EXERCISE DESCRIPTION: Leaving pictures aside, set down each line exactly, from the first line of the data to the line with "Image of TOROE", both included.

SOURCE MATERIAL:
== Segment start ==

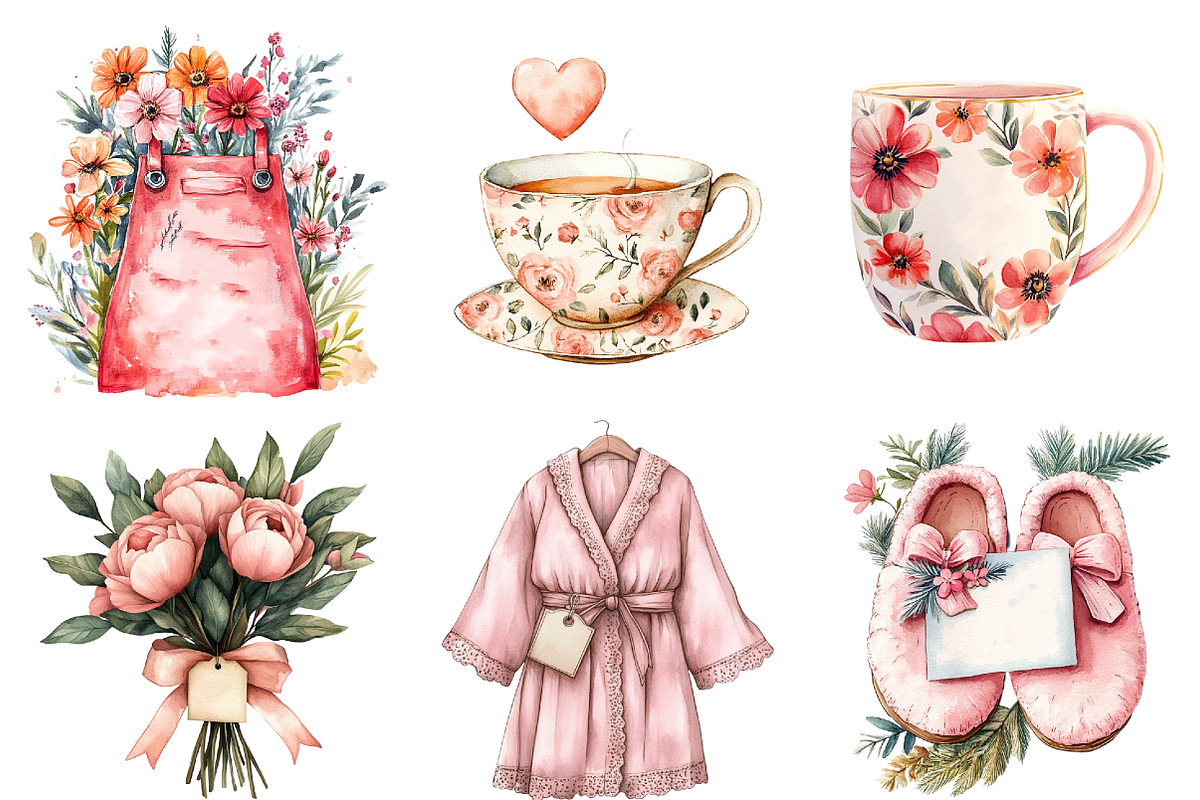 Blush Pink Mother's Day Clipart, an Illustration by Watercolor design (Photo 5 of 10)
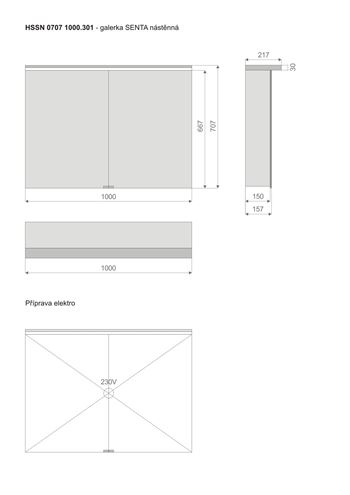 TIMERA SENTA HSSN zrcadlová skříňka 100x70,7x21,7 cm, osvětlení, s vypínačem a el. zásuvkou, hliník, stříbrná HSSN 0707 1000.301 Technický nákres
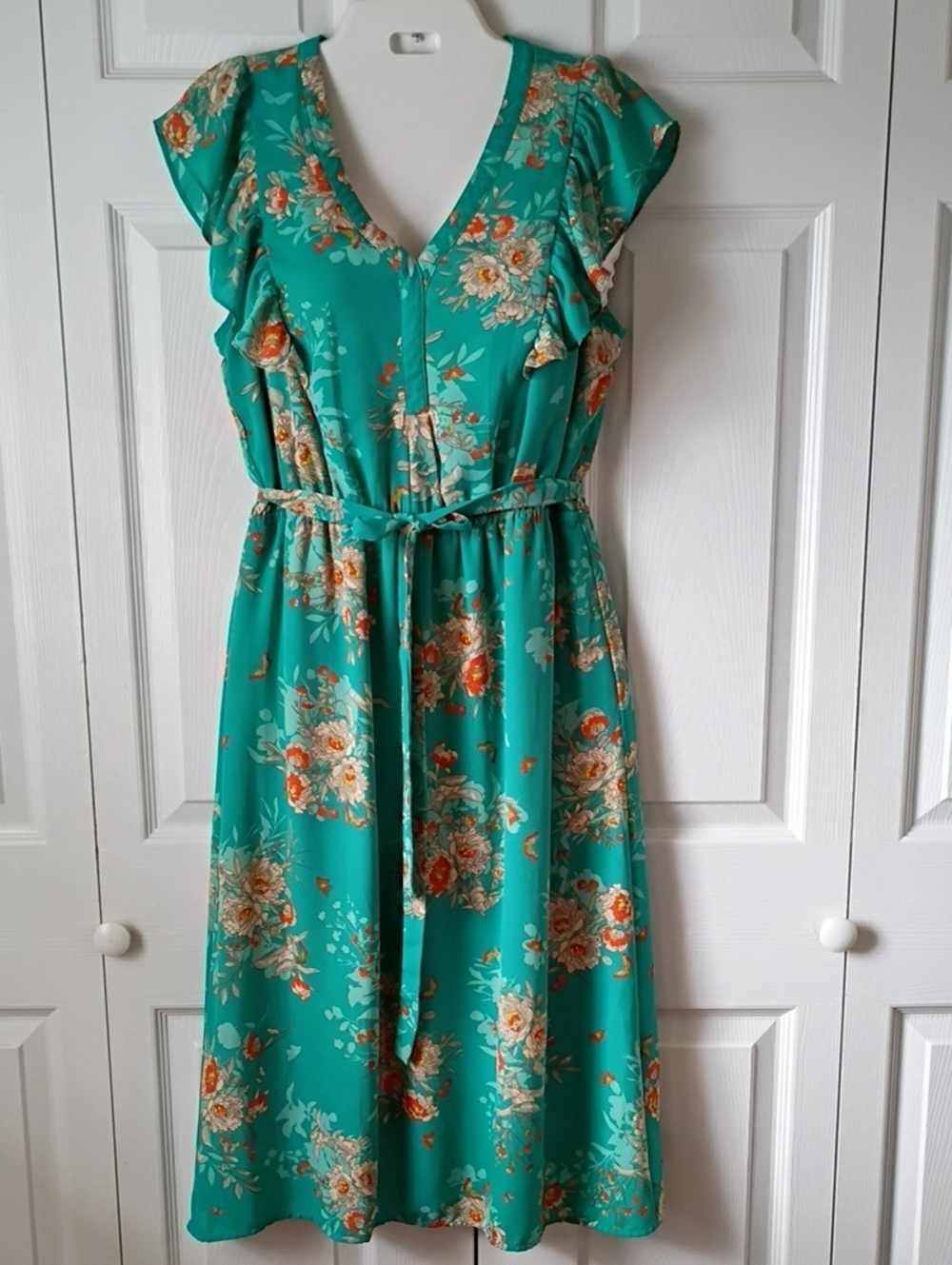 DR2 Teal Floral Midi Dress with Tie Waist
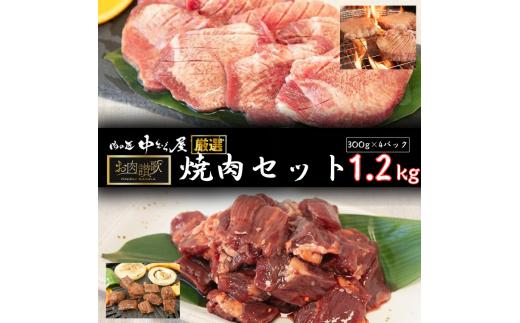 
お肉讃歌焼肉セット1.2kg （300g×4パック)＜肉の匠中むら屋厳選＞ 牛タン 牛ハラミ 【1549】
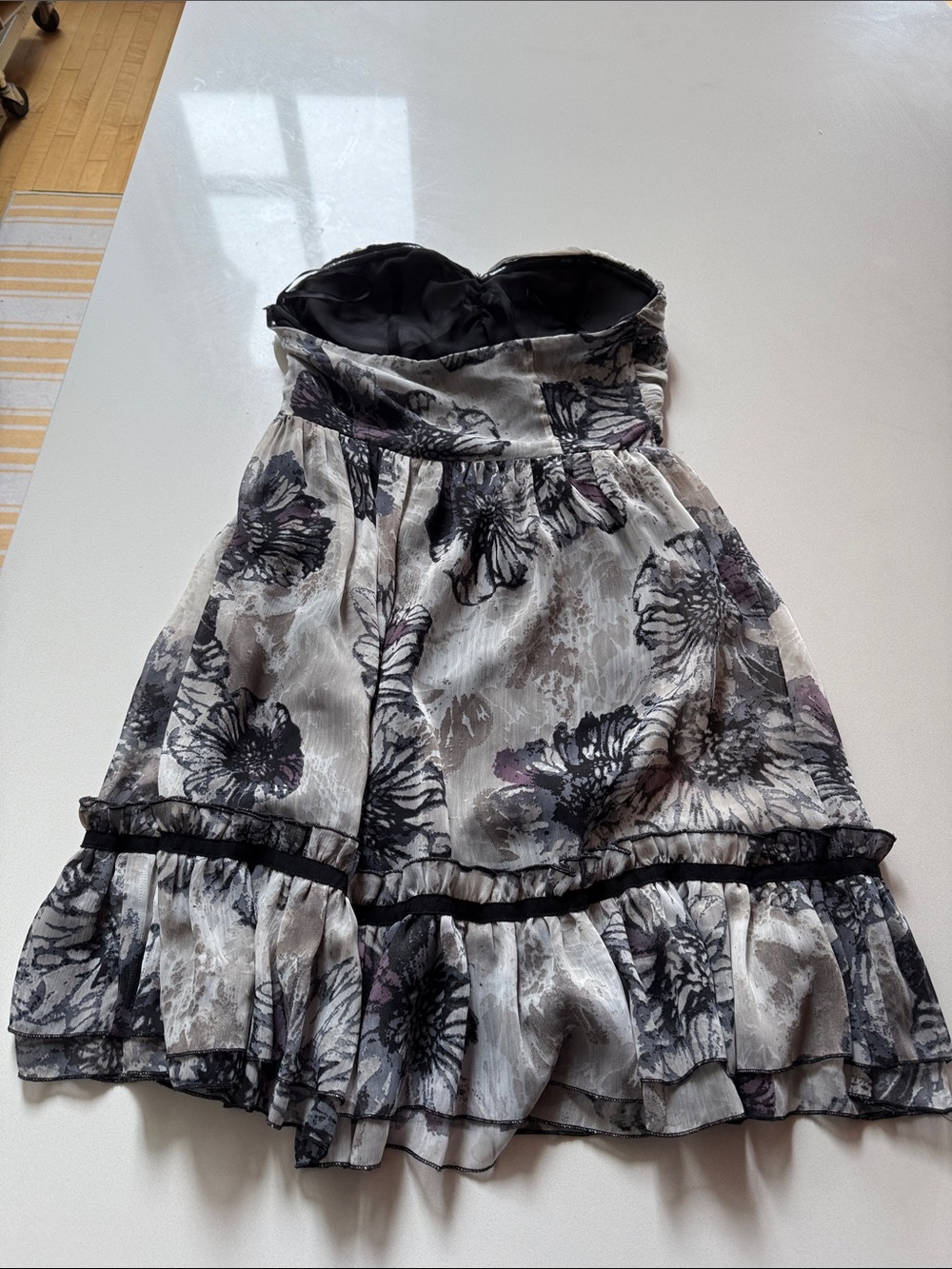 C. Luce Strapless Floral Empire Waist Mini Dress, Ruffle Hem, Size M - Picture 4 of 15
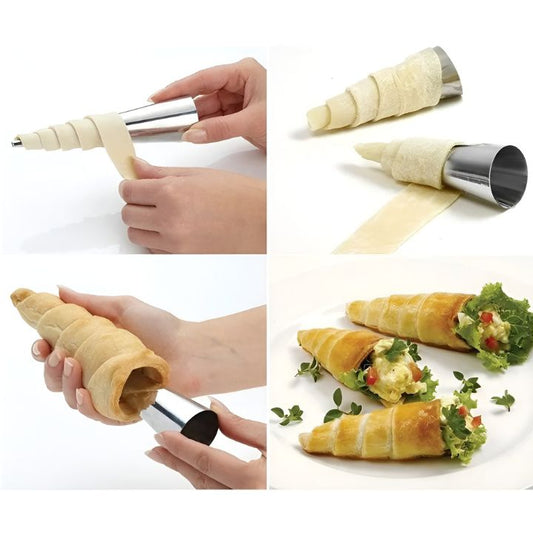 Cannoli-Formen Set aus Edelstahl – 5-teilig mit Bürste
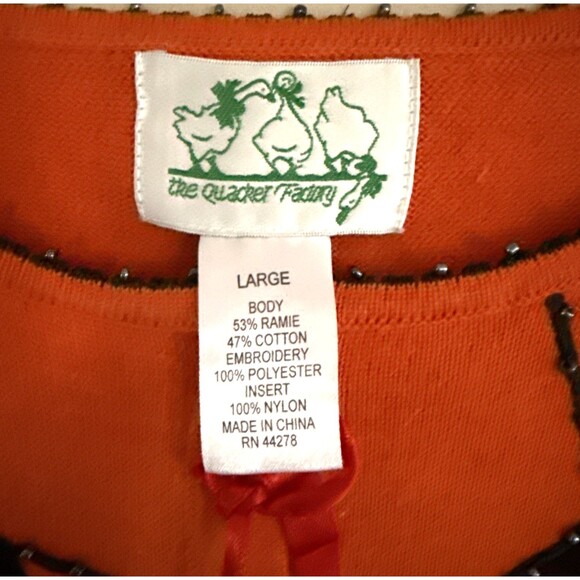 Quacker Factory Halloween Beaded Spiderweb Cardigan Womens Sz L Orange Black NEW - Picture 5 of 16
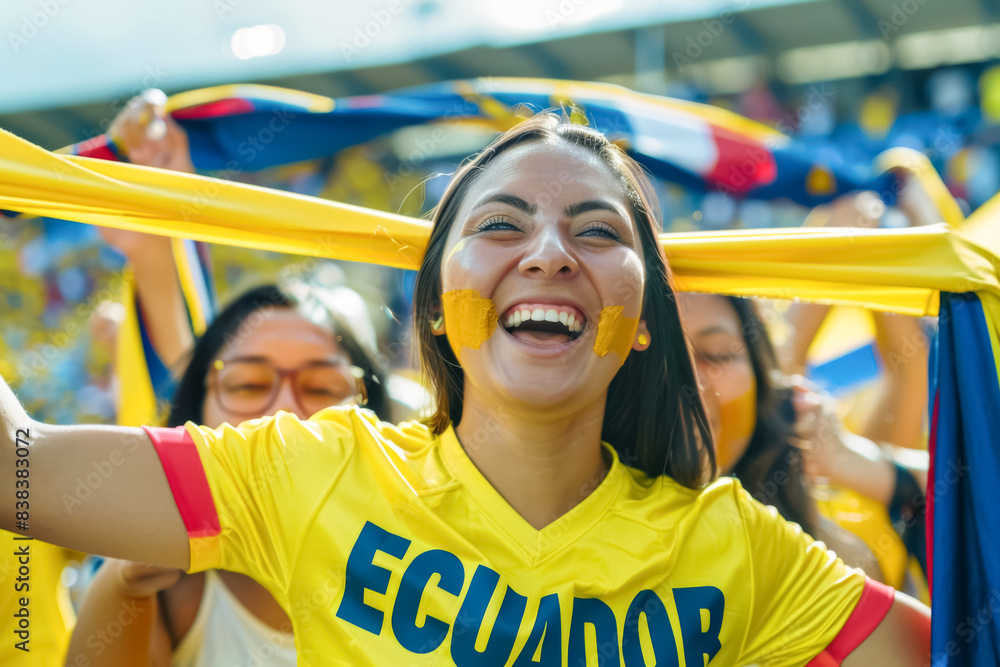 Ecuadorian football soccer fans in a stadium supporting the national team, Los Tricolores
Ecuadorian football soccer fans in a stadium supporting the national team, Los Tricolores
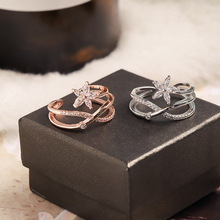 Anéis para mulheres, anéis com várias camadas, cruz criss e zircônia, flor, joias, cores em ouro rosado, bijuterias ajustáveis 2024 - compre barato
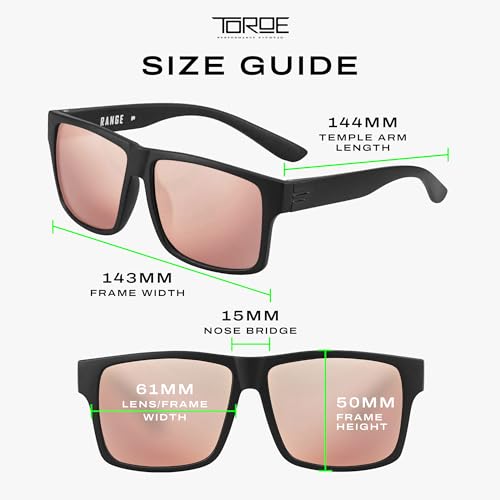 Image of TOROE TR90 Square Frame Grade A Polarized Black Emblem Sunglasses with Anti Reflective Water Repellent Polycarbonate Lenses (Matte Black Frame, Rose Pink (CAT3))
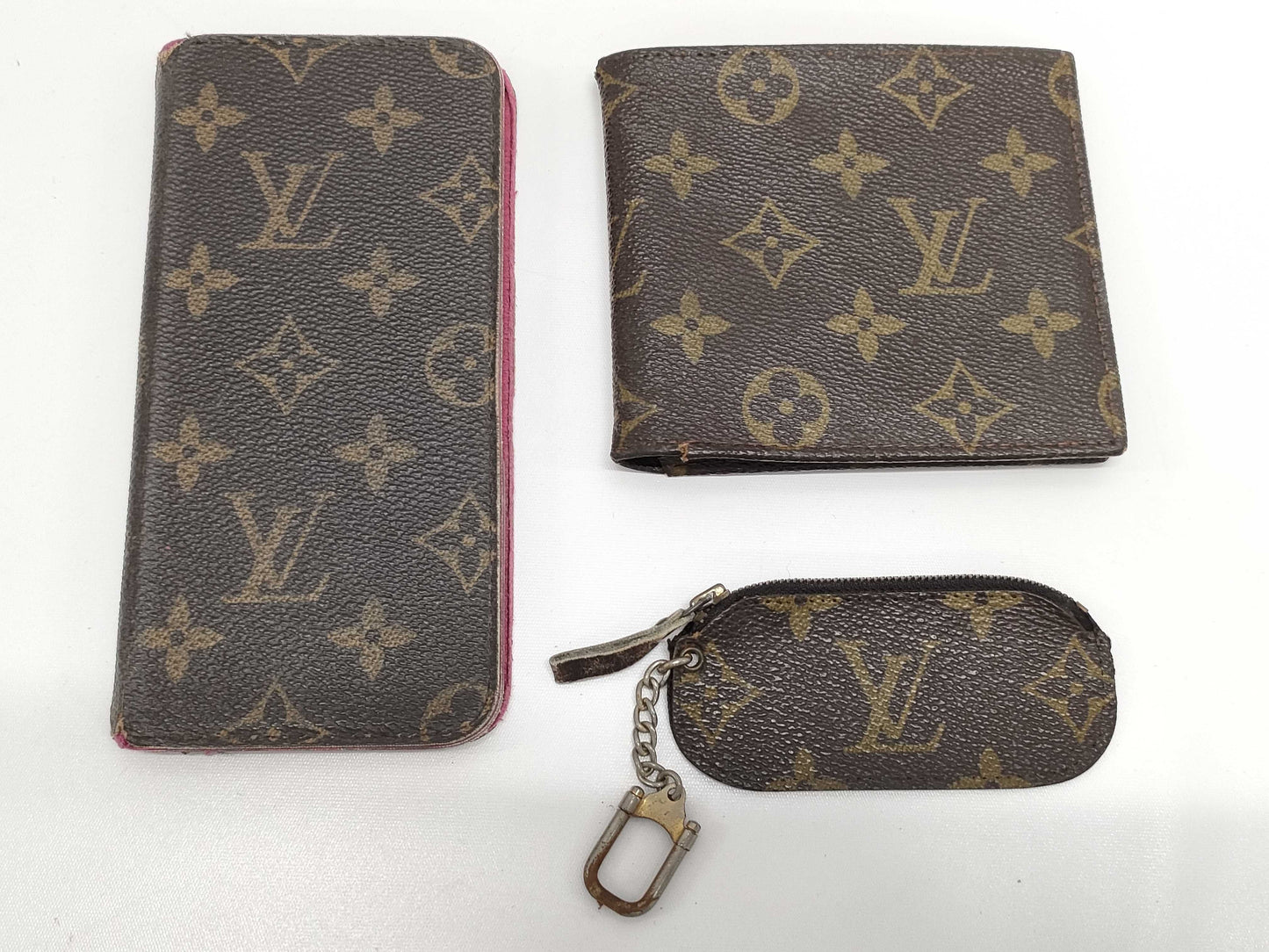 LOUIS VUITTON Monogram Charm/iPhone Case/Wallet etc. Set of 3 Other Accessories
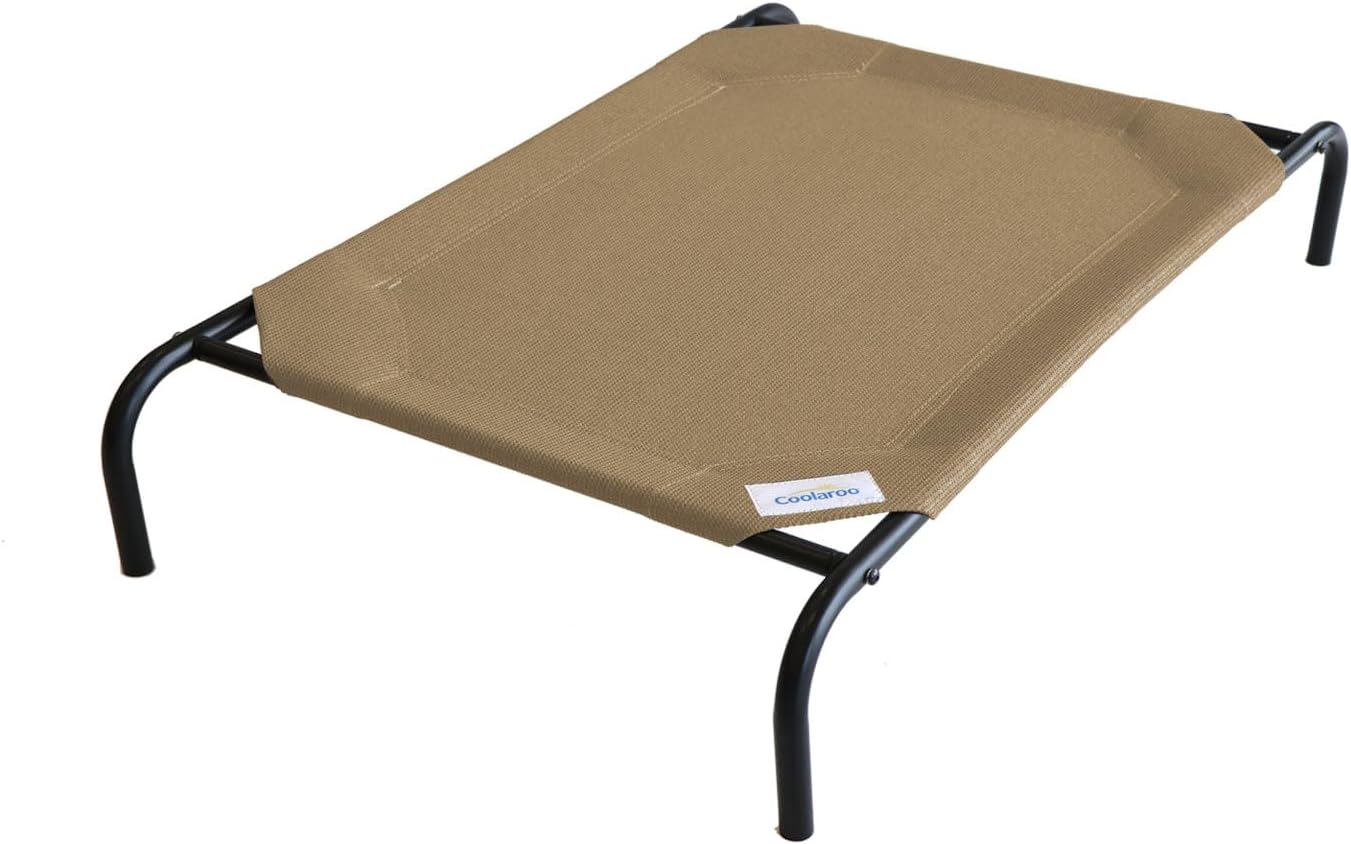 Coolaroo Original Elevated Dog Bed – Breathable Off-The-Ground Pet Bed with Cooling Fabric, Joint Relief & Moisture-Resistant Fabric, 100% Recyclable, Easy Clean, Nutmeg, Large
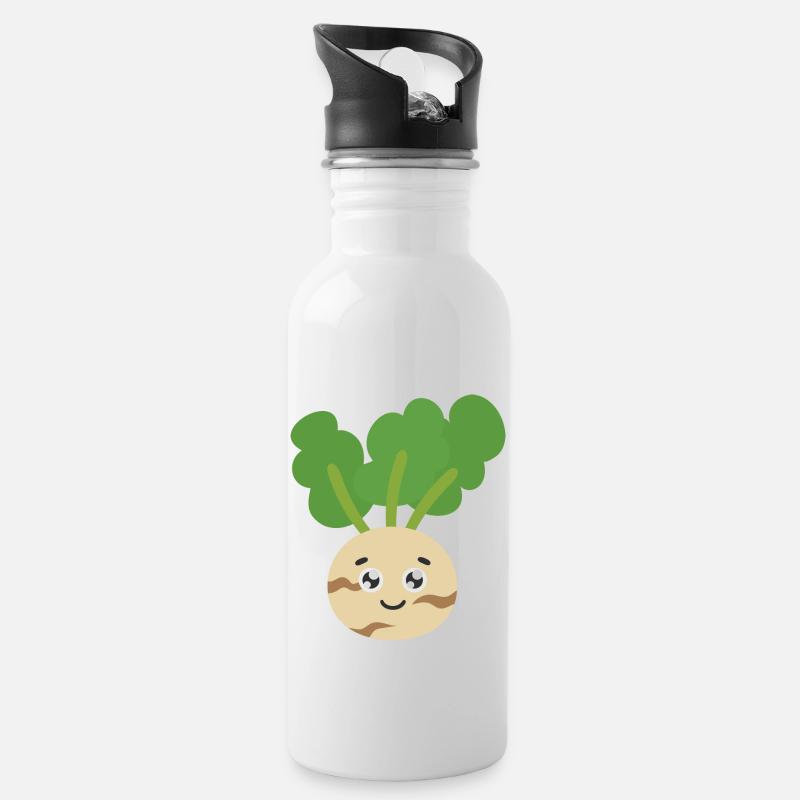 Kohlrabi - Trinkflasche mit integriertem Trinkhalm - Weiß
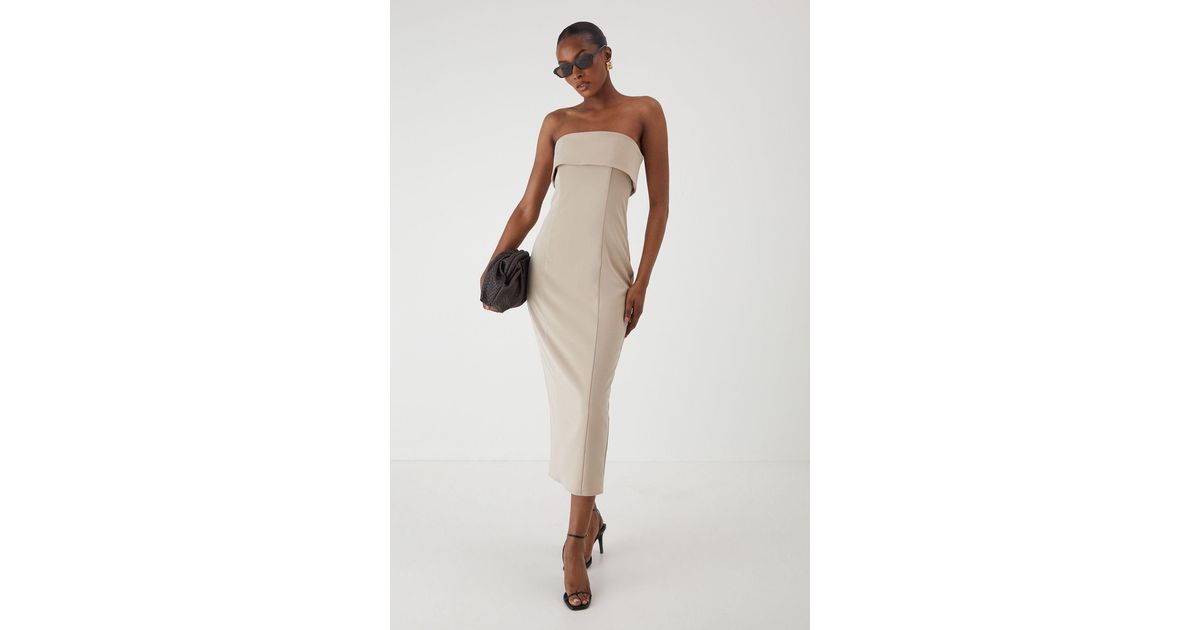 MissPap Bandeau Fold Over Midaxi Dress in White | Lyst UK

== Segment end ==

ANSWER TO THIS EXERCISE:
 Blush Pink Mother's Day Clipart, an Illustration by Watercolor design (Photo 5 of 10)
 TIMERA SENTA HSSN zrcadlová skříňka 100x70,7x21,7 cm, osvětlení, s vypínačem a el. zásuvkou, hliník, stříbrná HSSN 0707 1000.301 Technický nákres
 DR2 Teal Floral Midi Dress with Tie Waist
お肉讃歌焼肉セット1.2kg （300g×4パック)＜肉の匠中むら屋厳選＞ 牛タン 牛ハラミ 【1549】
 C. Luce Strapless Floral Empire Waist Mini Dress, Ruffle Hem, Size M - Picture 4 of 15
 Cannoli-Formen Set aus Edelstahl – 5-teilig mit Bürste
 Quacker Factory Halloween Beaded Spiderweb Cardigan Womens Sz L Orange Black NEW - Picture 5 of 16
 Ecuadorian football soccer fans in a stadium supporting the national team, Los Tricolores
Ecuadorian football soccer fans in a stadium supporting the national team, Los Tricolores
 Anéis para mulheres, anéis com várias camadas, cruz criss e zircônia, flor, joias, cores em ouro rosado, bijuterias ajustáveis 2024 - compre barato
 Image of TOROE TR90 Square Frame Grade A Polarized Black Emblem Sunglasses with Anti Reflective Water Repellent Polycarbonate Lenses (Matte Black Frame, Rose Pink (CAT3))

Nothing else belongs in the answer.